What is being asked: Reproduce only the lines from the line containing "Audi Q5 SQ5" to the end of the entries below, including both of those lines.

--- Input for this task Enclosed Below ---

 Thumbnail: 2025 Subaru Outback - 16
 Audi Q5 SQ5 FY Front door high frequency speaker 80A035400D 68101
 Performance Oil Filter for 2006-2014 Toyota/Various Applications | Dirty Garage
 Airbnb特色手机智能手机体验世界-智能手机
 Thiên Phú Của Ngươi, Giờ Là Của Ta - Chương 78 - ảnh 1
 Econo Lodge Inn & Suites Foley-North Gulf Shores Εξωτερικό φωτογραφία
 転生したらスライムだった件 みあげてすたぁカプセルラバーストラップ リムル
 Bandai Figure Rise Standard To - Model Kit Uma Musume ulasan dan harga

--- End of Enclosed Input for this task ---

Task response:
 Audi Q5 SQ5 FY Front door high frequency speaker 80A035400D 68101
 Performance Oil Filter for 2006-2014 Toyota/Various Applications | Dirty Garage
 Airbnb特色手机智能手机体验世界-智能手机
 Thiên Phú Của Ngươi, Giờ Là Của Ta - Chương 78 - ảnh 1
 Econo Lodge Inn & Suites Foley-North Gulf Shores Εξωτερικό φωτογραφία
 転生したらスライムだった件 みあげてすたぁカプセルラバーストラップ リムル
 Bandai Figure Rise Standard To - Model Kit Uma Musume ulasan dan harga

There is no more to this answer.